[Short web captions]
[Start of section]
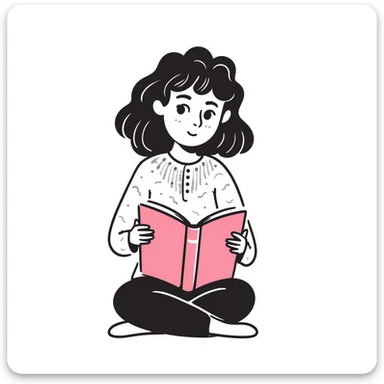 girly character with brown soft curly hair reading a pink book sticker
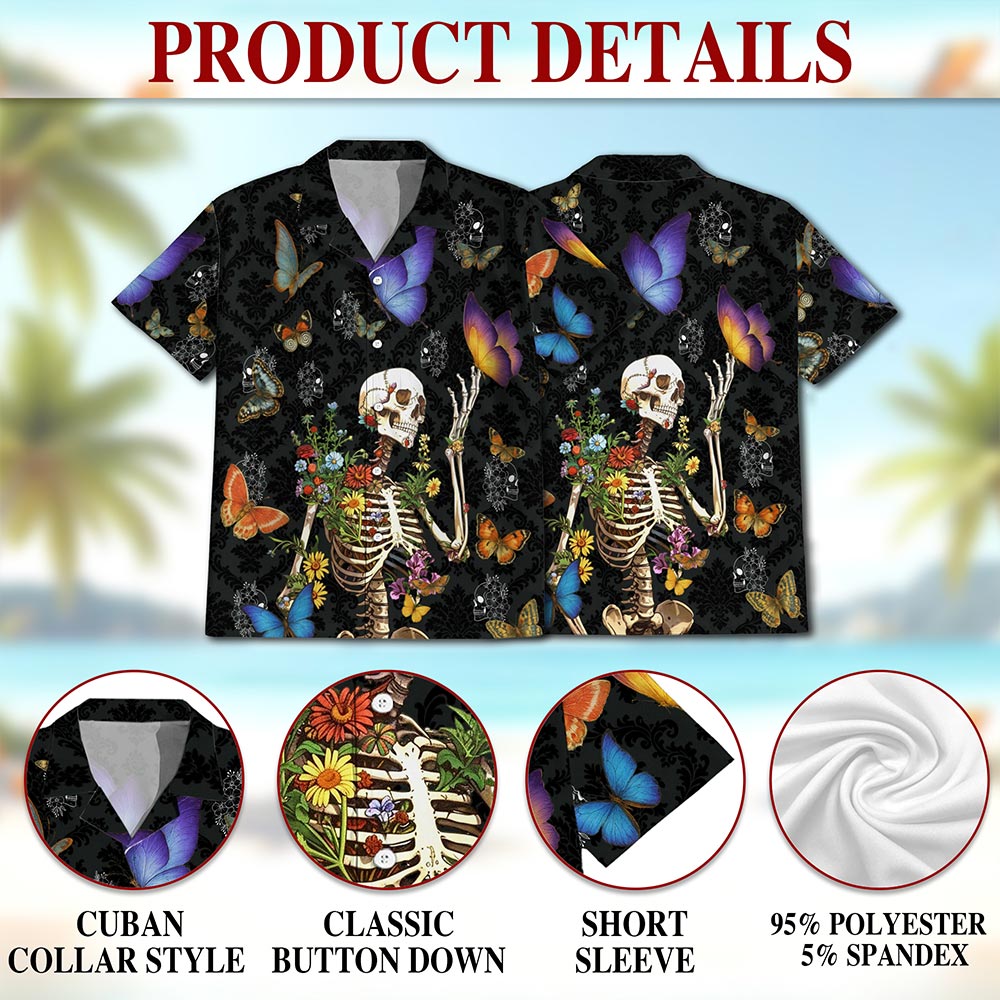 Netecom Skull Love Butterfly Overnight Black Hawaiian Shirt for Men, Tropical Button Down Summer Aloha Beach Shirts, S-5XL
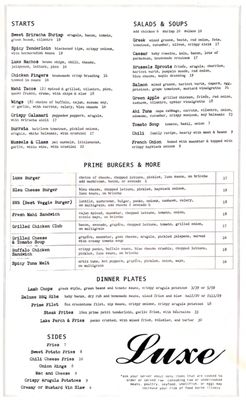 Menu photo 1 Luxe Bar & Grill Birmingham, MI Menu photo 1 Luxe Bar & Grill Birmingham, MI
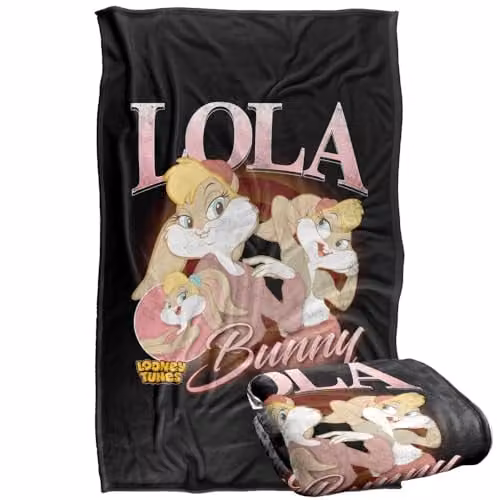 LOGOVISION Looney Tunes Lola Bunny Super Soft Fleece Throw Blanket, Multicolour, W: 91 cm, D: 147 cm – 1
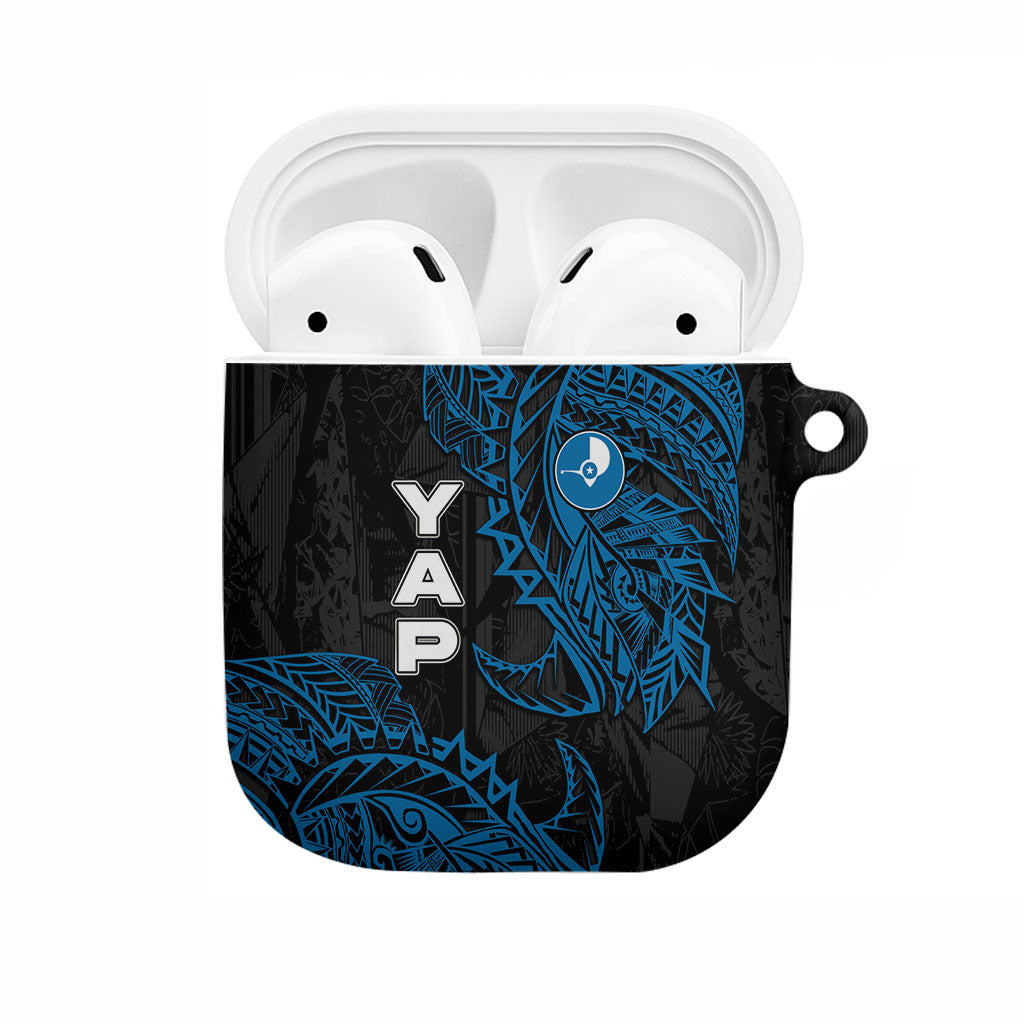 Yap Island Tribal Heritage AirPods Case Micronesian Polynesian Tattoo Pattern Blue Black Cultural Art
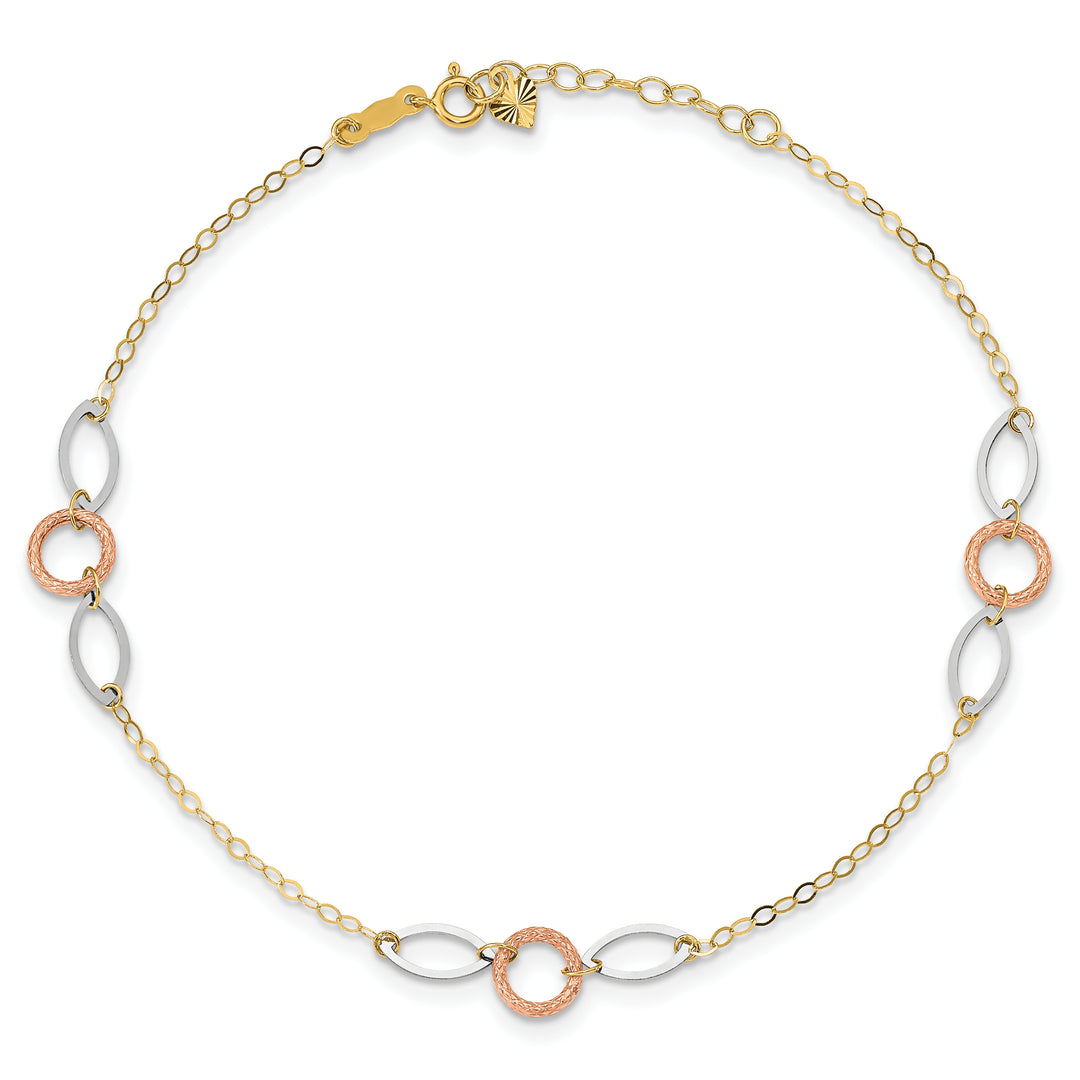 Tobillera de Oro de 14K de Tres Tonos con Círculos y Óvalos de 9 Pulgadas + Extensión de 1 Pulgada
[End of section]
In the records, the line containing "Yap Island Tribal" starts the span and the final line ends it. Output exactly that span, both ends included, with no pictures and nothing else.

» **RESPONSE AREA**
 Yap Island Tribal Heritage AirPods Case Micronesian Polynesian Tattoo Pattern Blue Black Cultural Art
 Tobillera de Oro de 14K de Tres Tonos con Círculos y Óvalos de 9 Pulgadas + Extensión de 1 Pulgada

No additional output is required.